* SUPPLIED INFORMATION:
▼▼▼
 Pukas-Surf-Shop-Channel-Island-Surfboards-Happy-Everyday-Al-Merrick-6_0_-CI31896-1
▲▲▲
▼▼▼
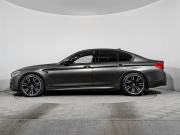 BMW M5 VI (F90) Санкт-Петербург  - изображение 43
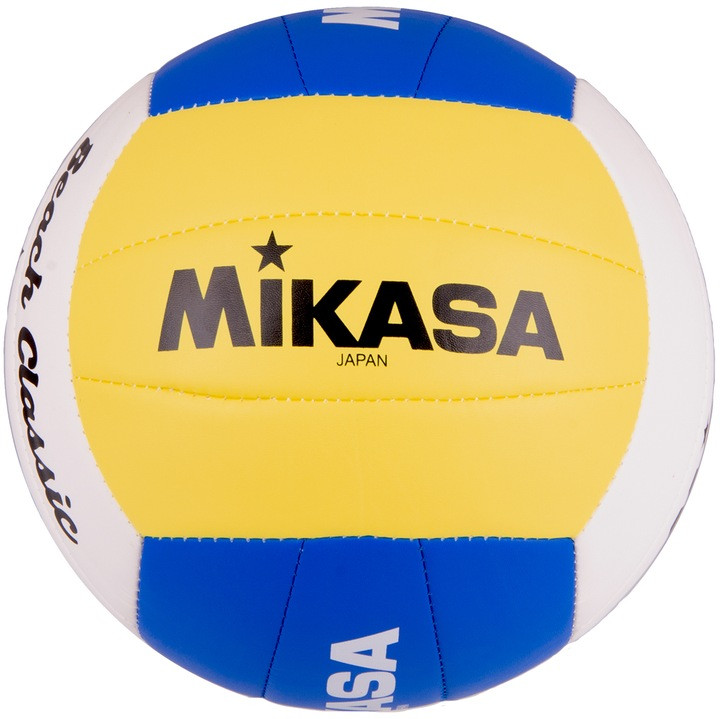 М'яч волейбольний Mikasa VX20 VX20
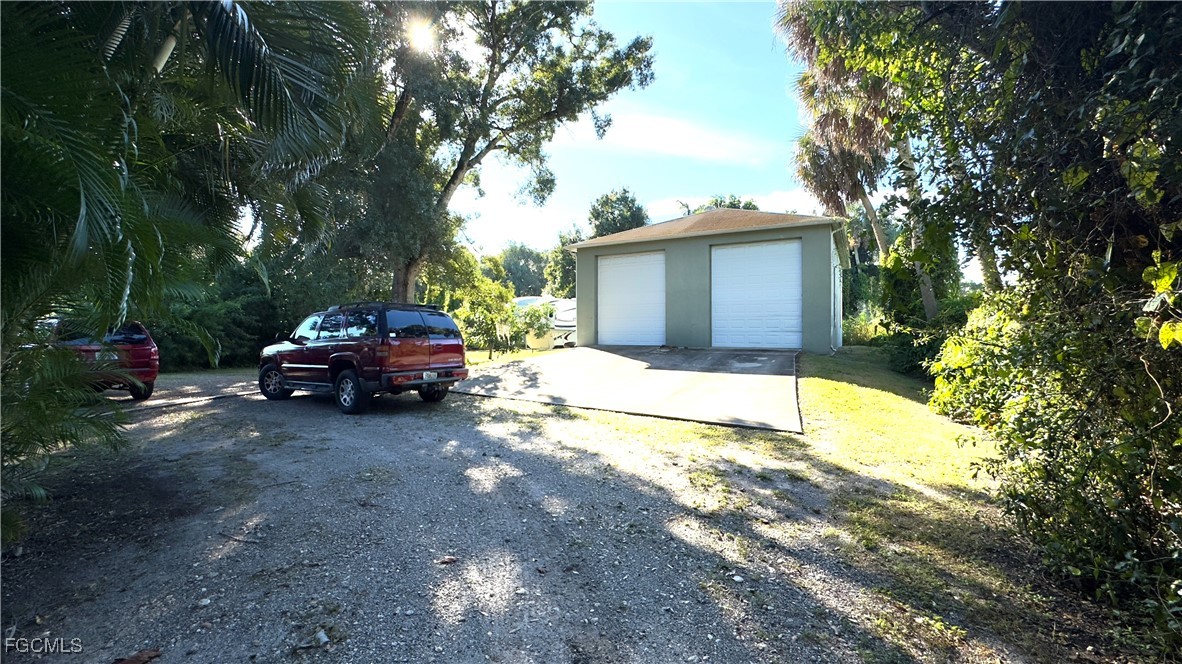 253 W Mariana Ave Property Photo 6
▲▲▲
▼▼▼
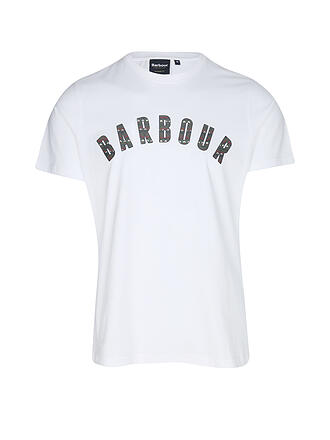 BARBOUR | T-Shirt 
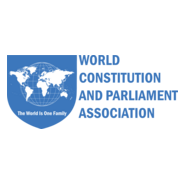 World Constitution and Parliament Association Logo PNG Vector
▲▲▲
* WORK TASK:
The response must repeat exactly the lines above from the one with "BARBOUR | T-Shirt" through the one with "World Constitution and", including both, and must contain no pictures and no other text.

* RESPONSE:
 BARBOUR | T-Shirt 
 World Constitution and Parliament Association Logo PNG Vector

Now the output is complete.